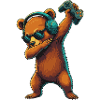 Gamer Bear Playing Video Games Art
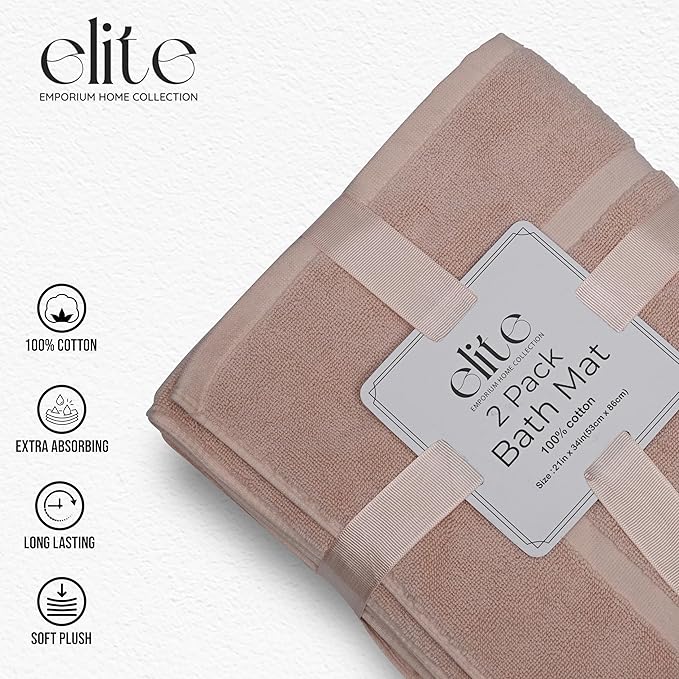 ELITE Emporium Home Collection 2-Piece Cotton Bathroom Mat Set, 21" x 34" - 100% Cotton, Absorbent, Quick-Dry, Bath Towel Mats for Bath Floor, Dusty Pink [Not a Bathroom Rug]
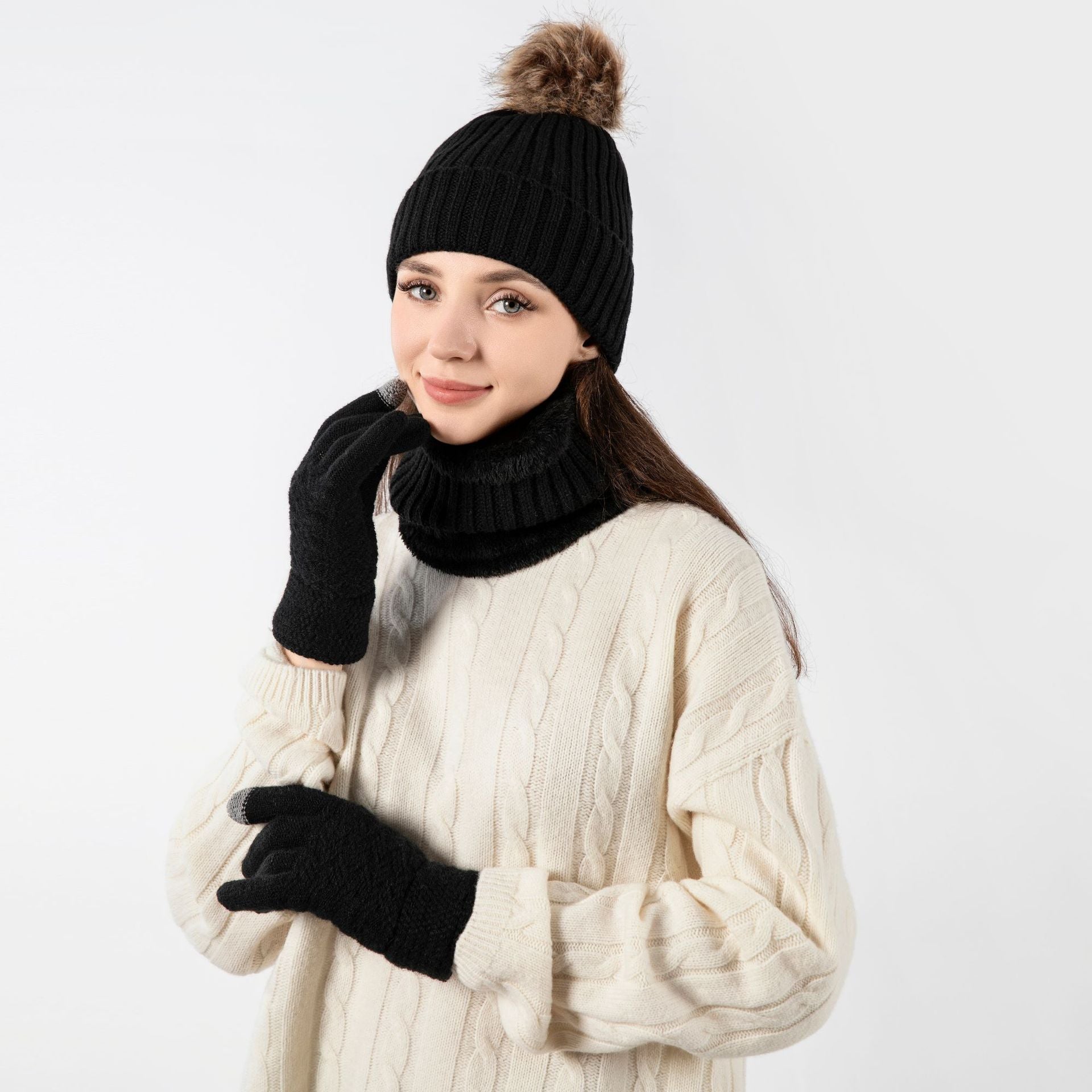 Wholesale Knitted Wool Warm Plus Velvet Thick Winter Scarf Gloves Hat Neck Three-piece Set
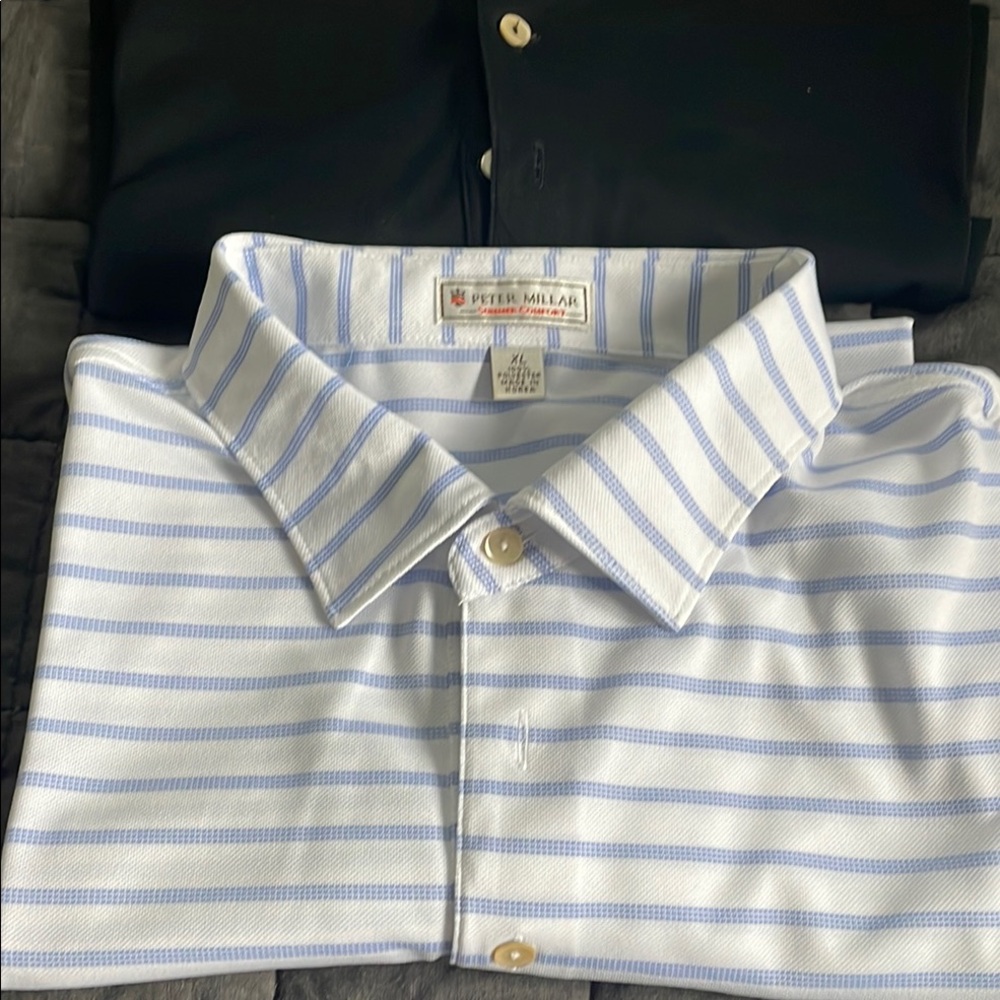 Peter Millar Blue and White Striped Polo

-=-=-

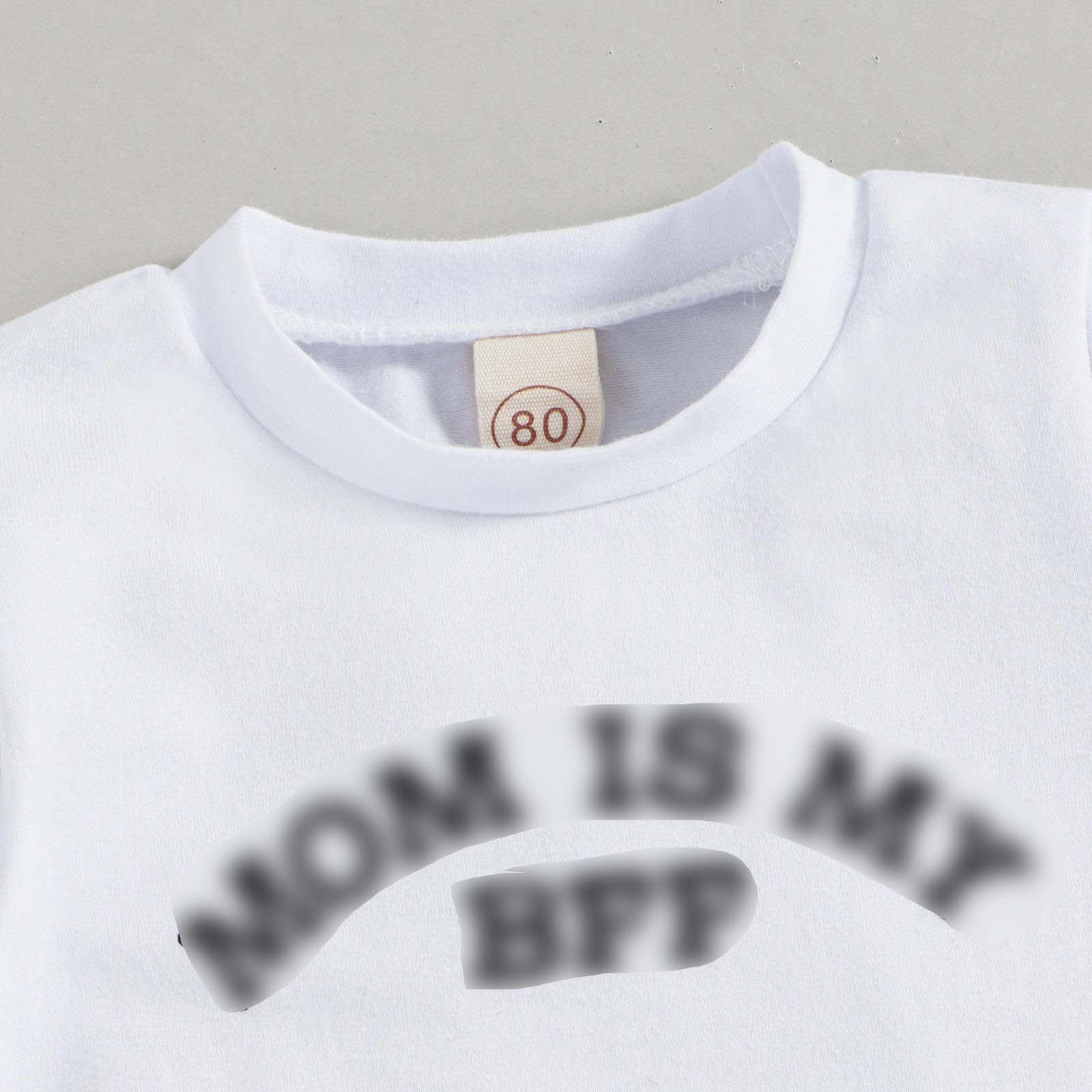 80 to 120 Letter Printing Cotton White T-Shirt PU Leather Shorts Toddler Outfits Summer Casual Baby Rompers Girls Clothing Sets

-=-=-

» **Task**
Taking the material above, give again exactly the lines from the one holding "ELITE Emporium Home" through the one holding "Peter Millar Blue and White Striped Polo", with both ends and without pictures.

» **Answer to this exercise**
 ELITE Emporium Home Collection 2-Piece Cotton Bathroom Mat Set, 21" x 34" - 100% Cotton, Absorbent, Quick-Dry, Bath Towel Mats for Bath Floor, Dusty Pink [Not a Bathroom Rug]
 Wholesale Knitted Wool Warm Plus Velvet Thick Winter Scarf Gloves Hat Neck Three-piece Set
 Peter Millar Blue and White Striped Polo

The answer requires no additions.